Grayceon are made up of three musicians: guitarist/vocalist Max Doyle, cellist/vocalist Jackie Perez Gratz and drummer and drummer Zack Farwell. The fact that they have completely foregone the use of a bass guitar and use the cello to cover the lower ends at times, while alternating this with cello lead passages, accompanied by guitar, makes this music a whole different beast, even from other bands that mesh similar styles in their sound, like Intronaut or Giant Squid (though the latter are the closest in sound that you will probably find to Grayceon – Giant Squid even features Perez Gratz on cello and vocals as well).
This interesting musical quirk is a large part of what makes All We Destroy such an interesting musical experience. The band manages to seamlessly weave guitar and cello around each other, which allows them to span the whole range between crushing heaviness to atmospheric and wistful soundscapes effortlessly. Gone are the traditional roles of the guitars giving the direction and the bass providing the backdrop – on All We Destroy, Grayceon let the cello take lead as often as the guitar, and it works splendidly.

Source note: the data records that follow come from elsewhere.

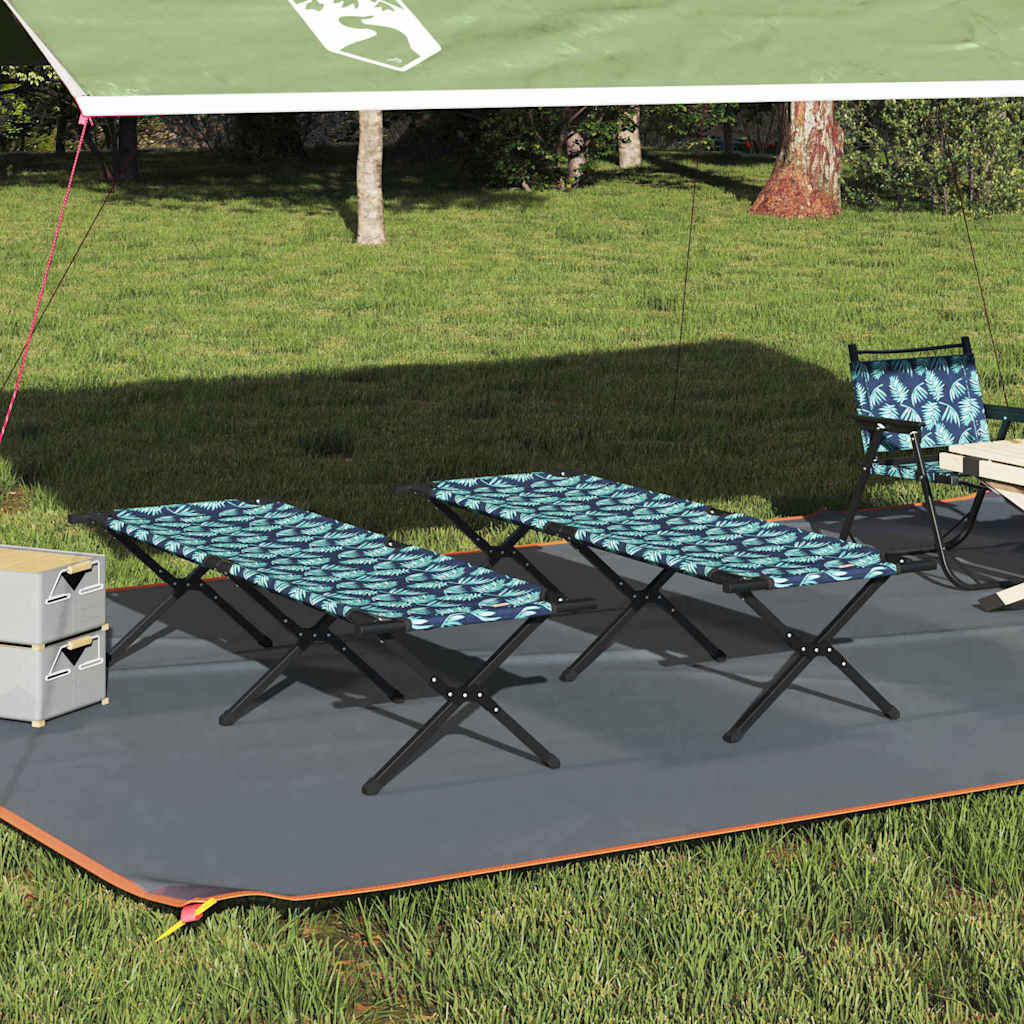 Folding Camping Bed Folding Manual Oxford Fabric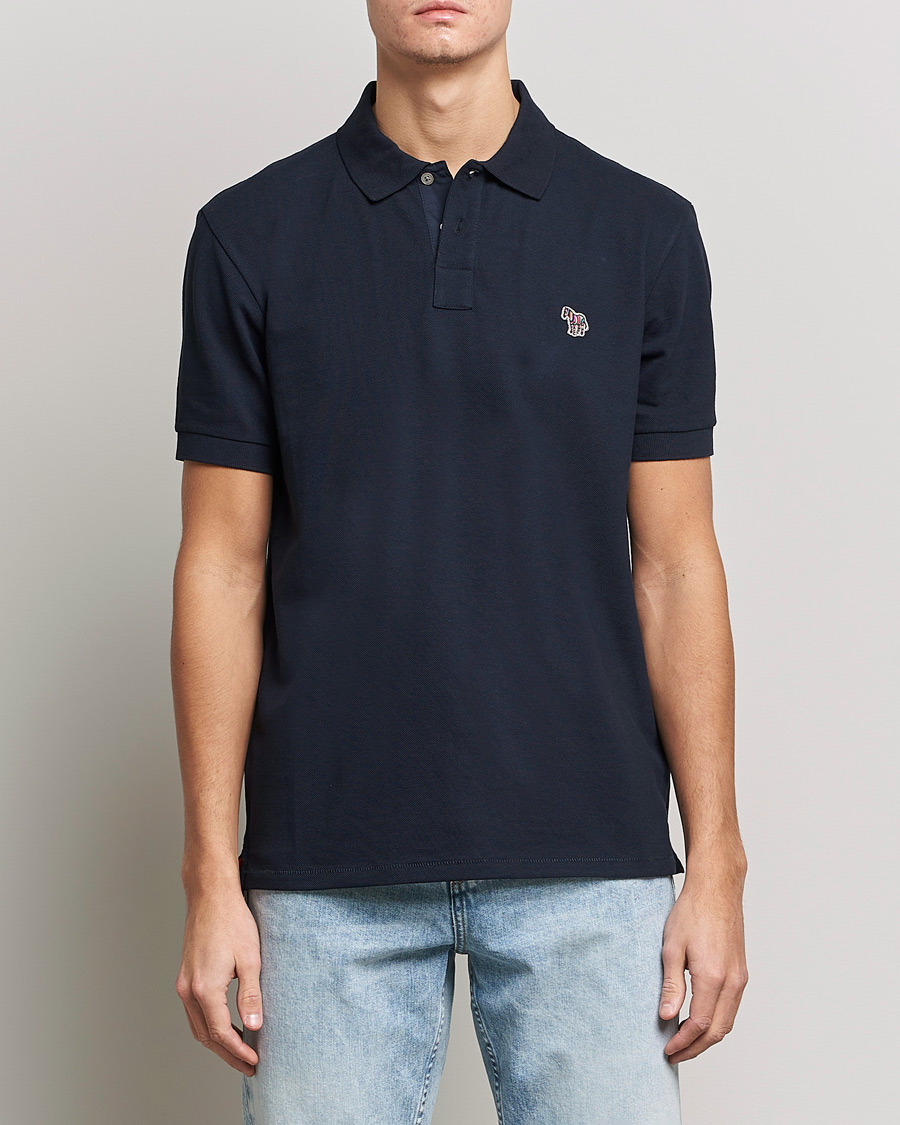 Herren | Poloshirts | PS Paul Smith | Regular Fit Zebra Polo Navy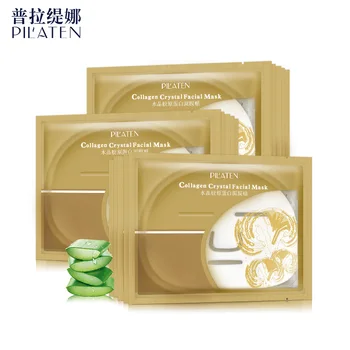 

5PCS Collagen Crystal Aloe Vera Facial Mask Whitening Moisture Anti Aging Face Cleansing Masks Women Skin Care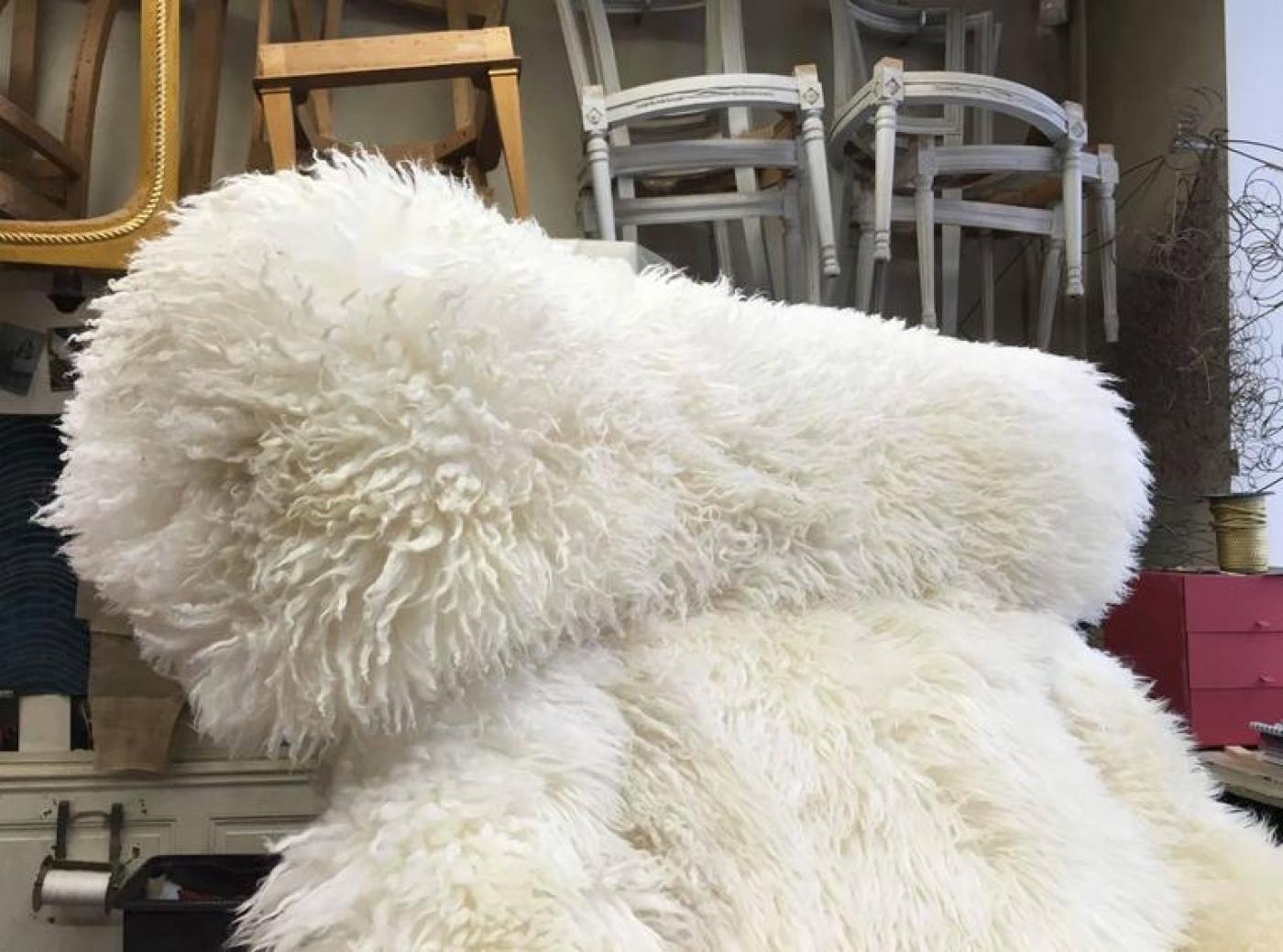 Illum Wikkelsø Illum Wikkelso Spectacular Hammer Lounge Chair Covered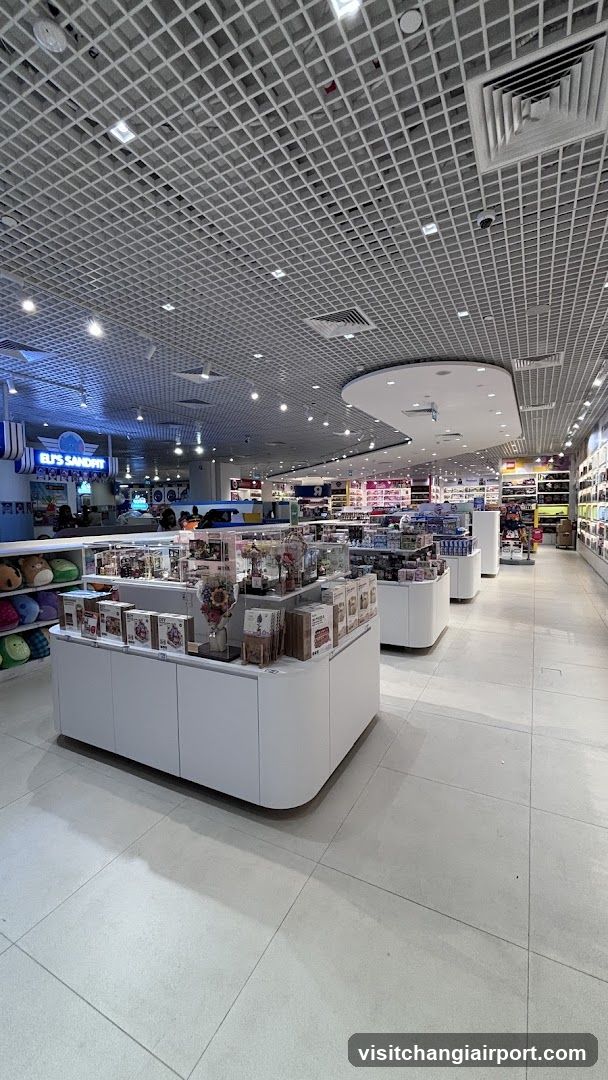 Interior of a retail store with product displays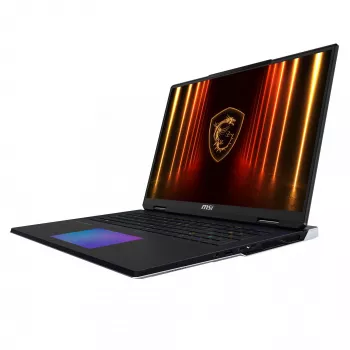 Nešiojamas kompiuteris MSI Titan 18 HX AI A2XWIG-073, Intel Core Ultra 9 285HX, 45,7 cm (18 colių) UHD+, 64 GB DDR5-SDRAM, 6 TB SSD, NVIDIA GeForce RTX 5080, Wi-Fi 7 (802.11be), Windows 11 Pro, juodas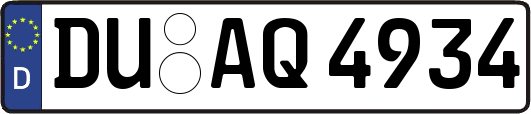 DU-AQ4934
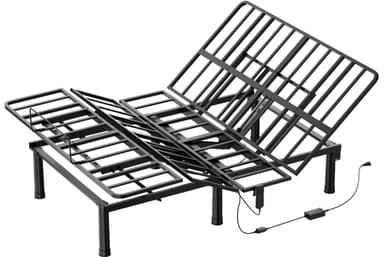 SunsGrove Queen Adjustable Bed Frame, Wired Remote Control, Independent Head and Foot Incline, Electric Bed Frame Base, Adjustable Bed Leg with 2 Height Options, Easy Assembly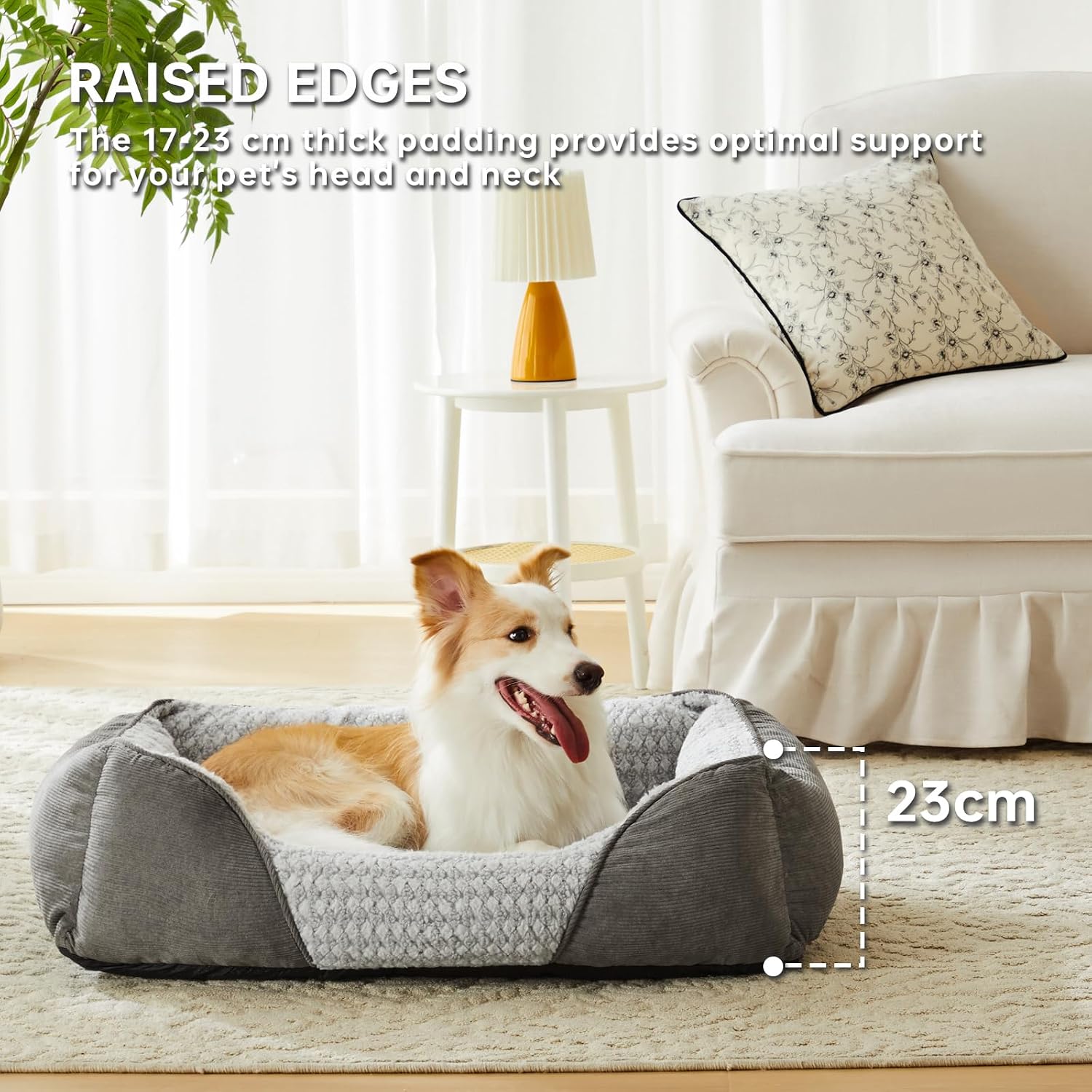 Thumbnail 5 de Heymamba Extra Large Dog Bed 90x65x23cm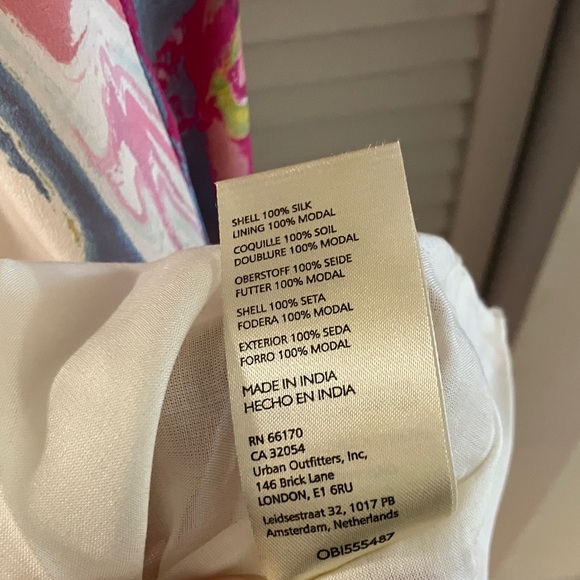 Anthropologie Silk Halter Midi Dress - Picture 8 of 11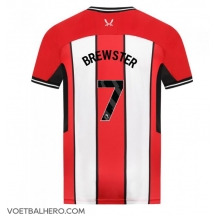 Sheffield United Rhian Brewster #7 Thuis tenue 2023-24 Korte Mouwen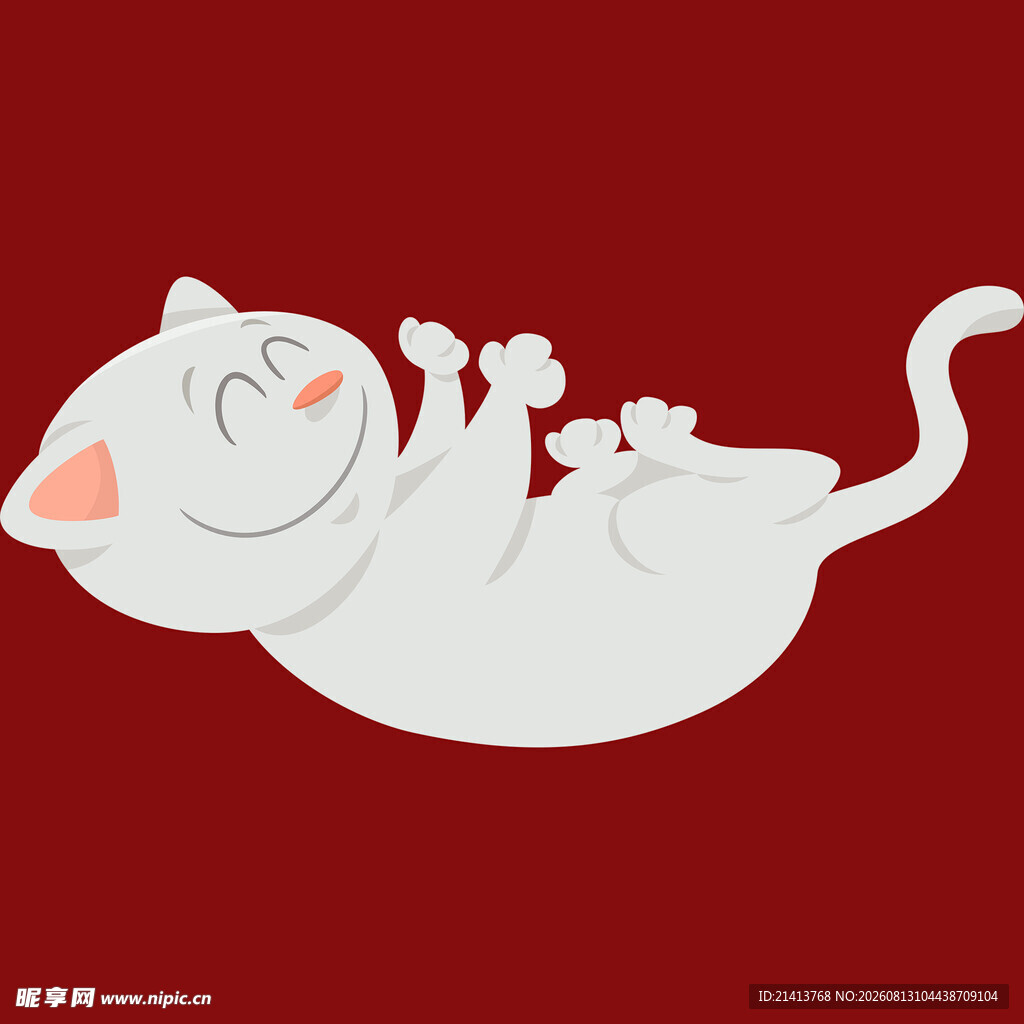躺卧的可爱猫咪形象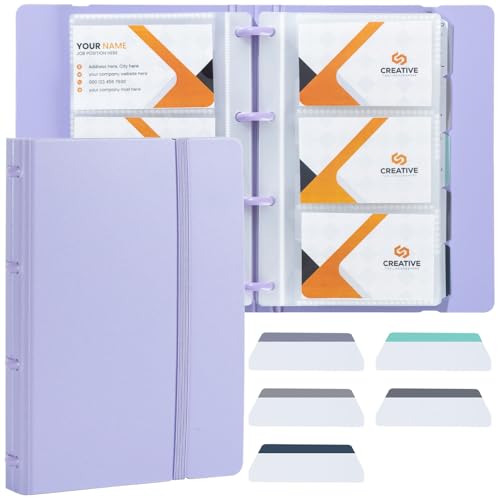 Image of deli Business Card Holder, 180 Cards Book Portable Business Card Organizer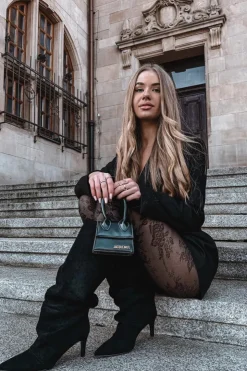 Damskie Boto Marszczone Kozaki Na Szpilce Z Eko Zamszu Ocieplane Czarne Mavella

Worth a mention are also the amazing vocals here. While both guitarist Max Doyle and cellist Jackie Perez Gratz are credited as vocalists, Perez Gratz is responsible for most of the vocals on this album and she does a tremendous job at it, with Doyle only helping out on occasion, providing harmonies like on the fantastic closer War’s End. While she does employ screams on this album, they are few and far between, and while I don’t have anything against harsh vocals in general, I am actually very happy about that, for two distinct reasons: their rarity makes the use of screams (for example, in the beginning of Dreamer Deceived) much more effective, and secondly, Perez Gratz’s clean vocals are far more to my liking. Her clean singing is eerie and unsettling, yet calming and sultry at the same time and it works extremely well in context of the music of the album – more than anything, her vocals are what draws me into this album.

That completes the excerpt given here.